New streaming TV service AT&T TV will be available nationwide by early 2020

AT&T has been slowly building a new streaming TV service, AT&T TV, and the product is still in the testing phase. But AT&T expects it will ramp up quickly after launch.

AT&T said AT&T TV will launch in select markets by the end of the third quarter before expanding to nationwide availability in early 2020.

For AT&T, the service is not so much about replacing DirecTV satellite service but creating new addressable markets while reducing customer acquisition costs related to satellite dish installations and service setup. Last month, AT&T CEO Randall Stephenson said the lower customer acquisition costs will allow AT&T to offset rising programming costs so it can decrease price points for AT&T TV. For example, he pointed toward AT&T’s current carriage dispute with Nexstar Media, which he said asked for a 100% increase in broadcast television retransmission fees in its initial renewal offer.
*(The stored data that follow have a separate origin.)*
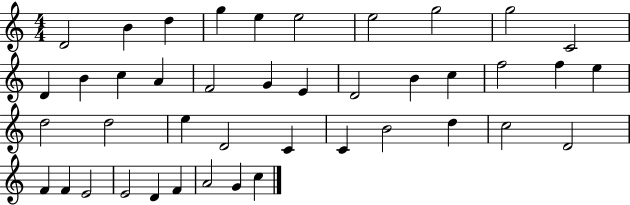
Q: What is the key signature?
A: C major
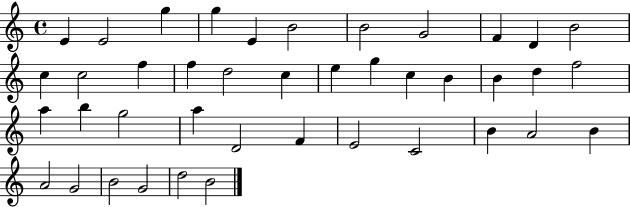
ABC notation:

X:1
T:Untitled
M:4/4
L:1/4
K:C
E E2 g g E B2 B2 G2 F D B2 c c2 f f d2 c e g c B B d f2 a b g2 a D2 F E2 C2 B A2 B A2 G2 B2 G2 d2 B2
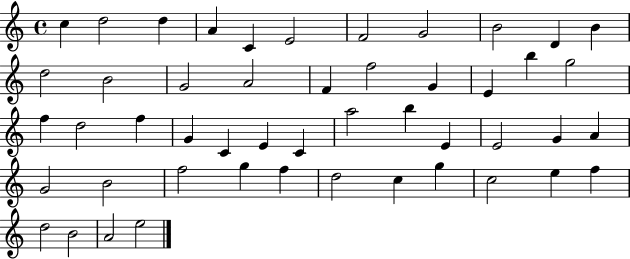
X:1
T:Untitled
M:4/4
L:1/4
K:C
c d2 d A C E2 F2 G2 B2 D B d2 B2 G2 A2 F f2 G E b g2 f d2 f G C E C a2 b E E2 G A G2 B2 f2 g f d2 c g c2 e f d2 B2 A2 e2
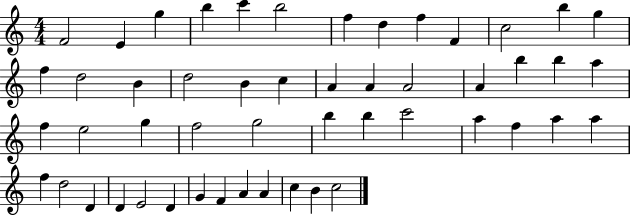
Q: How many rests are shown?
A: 0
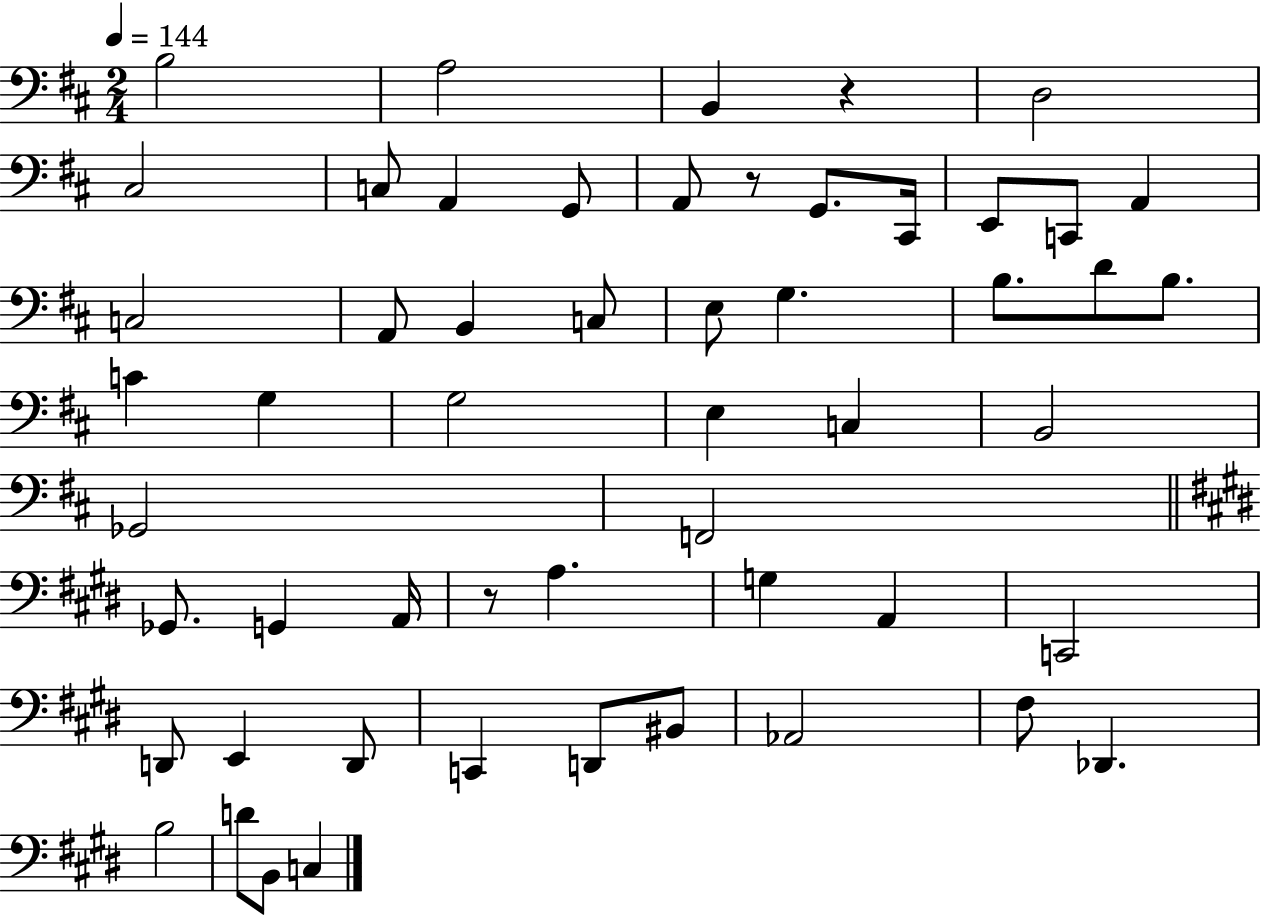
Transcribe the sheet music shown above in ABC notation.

X:1
T:Untitled
M:2/4
L:1/4
K:D
B,2 A,2 B,, z D,2 ^C,2 C,/2 A,, G,,/2 A,,/2 z/2 G,,/2 ^C,,/4 E,,/2 C,,/2 A,, C,2 A,,/2 B,, C,/2 E,/2 G, B,/2 D/2 B,/2 C G, G,2 E, C, B,,2 _G,,2 F,,2 _G,,/2 G,, A,,/4 z/2 A, G, A,, C,,2 D,,/2 E,, D,,/2 C,, D,,/2 ^B,,/2 _A,,2 ^F,/2 _D,, B,2 D/2 B,,/2 C,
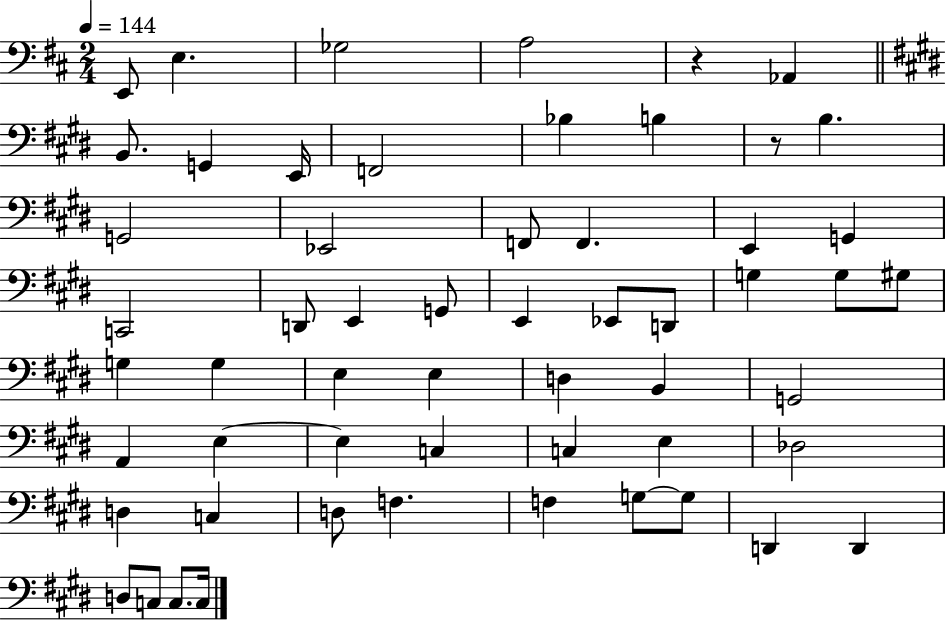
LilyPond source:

{
  \clef bass
  \numericTimeSignature
  \time 2/4
  \key d \major
  \tempo 4 = 144
  e,8 e4. | ges2 | a2 | r4 aes,4 | \break \bar "||" \break \key e \major b,8. g,4 e,16 | f,2 | bes4 b4 | r8 b4. | \break g,2 | ees,2 | f,8 f,4. | e,4 g,4 | \break c,2 | d,8 e,4 g,8 | e,4 ees,8 d,8 | g4 g8 gis8 | \break g4 g4 | e4 e4 | d4 b,4 | g,2 | \break a,4 e4~~ | e4 c4 | c4 e4 | des2 | \break d4 c4 | d8 f4. | f4 g8~~ g8 | d,4 d,4 | \break d8 c8 c8. c16 | \bar "|."
}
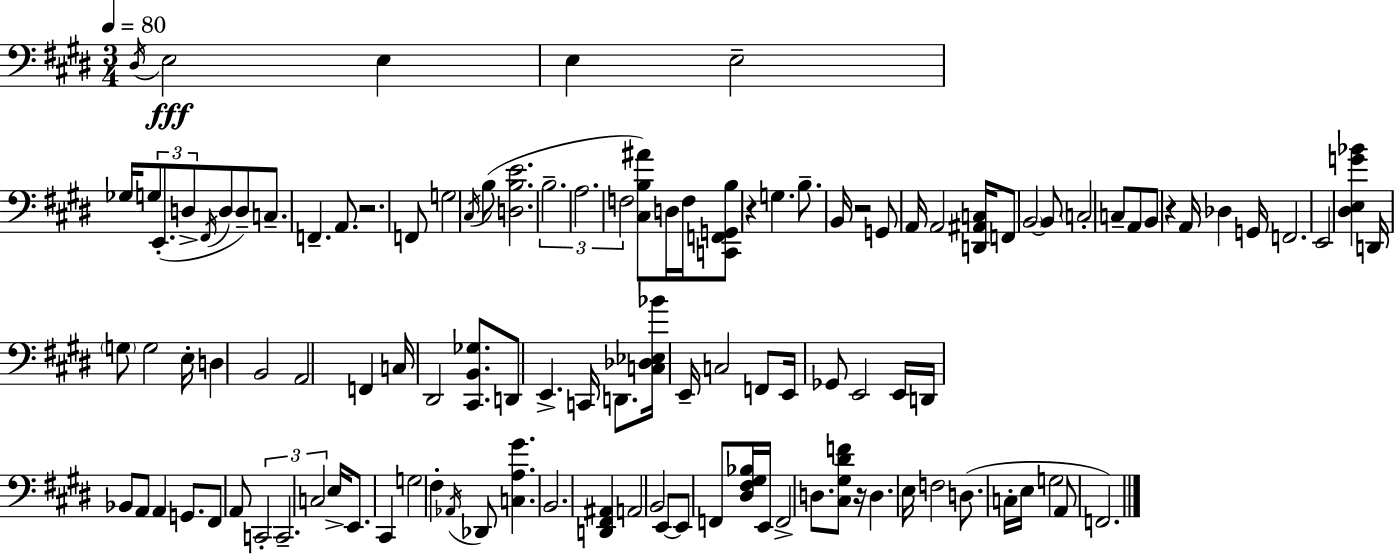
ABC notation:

X:1
T:Untitled
M:3/4
L:1/4
K:E
^D,/4 E,2 E, E, E,2 _G,/4 G,/2 E,,/2 D,/2 ^F,,/4 D,/2 D,/2 C,/2 F,, A,,/2 z2 F,,/2 G,2 ^C,/4 B,/2 [D,B,E]2 B,2 A,2 F,2 [^C,B,^A]/2 D,/4 F,/4 [C,,F,,G,,B,]/2 z G, B,/2 B,,/4 z2 G,,/2 A,,/4 A,,2 [D,,^A,,C,]/4 F,,/2 B,,2 B,,/2 C,2 C,/2 A,,/2 B,,/2 z A,,/4 _D, G,,/4 F,,2 E,,2 [^D,E,G_B] D,,/4 G,/2 G,2 E,/4 D, B,,2 A,,2 F,, C,/4 ^D,,2 [^C,,B,,_G,]/2 D,,/2 E,, C,,/4 D,,/2 [C,_D,_E,_B]/4 E,,/4 C,2 F,,/2 E,,/4 _G,,/2 E,,2 E,,/4 D,,/4 _B,,/2 A,,/2 A,, G,,/2 ^F,,/2 A,,/2 C,,2 C,,2 C,2 E,/4 E,,/2 ^C,, G,2 ^F, _A,,/4 _D,,/2 [C,A,^G] B,,2 [D,,^F,,^A,,] A,,2 B,,2 E,,/2 E,,/2 F,,/2 [^D,^F,^G,_B,]/4 E,,/4 F,,2 D,/2 [^C,^G,^DF]/2 z/4 D, E,/4 F,2 D,/2 C,/4 E,/4 G,2 A,,/2 F,,2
“We’ve got to find a way to get the cost curve down on this product so we can keep people into the product for a longer term basis,” Stephenson said.

RELATED: AT&T changes DirecTV Now to AT&T TV Now

AT&T is pitching AT&T TV as an improved user experience with a modern user interface, better search capabilities and in-app support. The company is also testing a proprietary Android TV set-top box that will accompany the service.

For continuity sake, AT&T is changing the name of DirecTV Now, one of its other multichannel streaming services, to AT&T TV Now. But the name change could also be aimed toward delineating (and maybe disassociating) AT&T’s streaming TV operations from its struggling satellite TV business.

DirecTV contributed to AT&T losing 778,000 traditional TV subscribers in the second quarter. The company attributed those elevated losses to increased churn resulting from DirecTV customers coming off two-year promotional price locks. The company said that the amount of traditional pay TV subscribers on promo pricing declined by 600,000 during the second quarter, leaving another 1 million still on promo pricing. AT&T said that means video subscriber churn will remain high throughout the rest of 2019.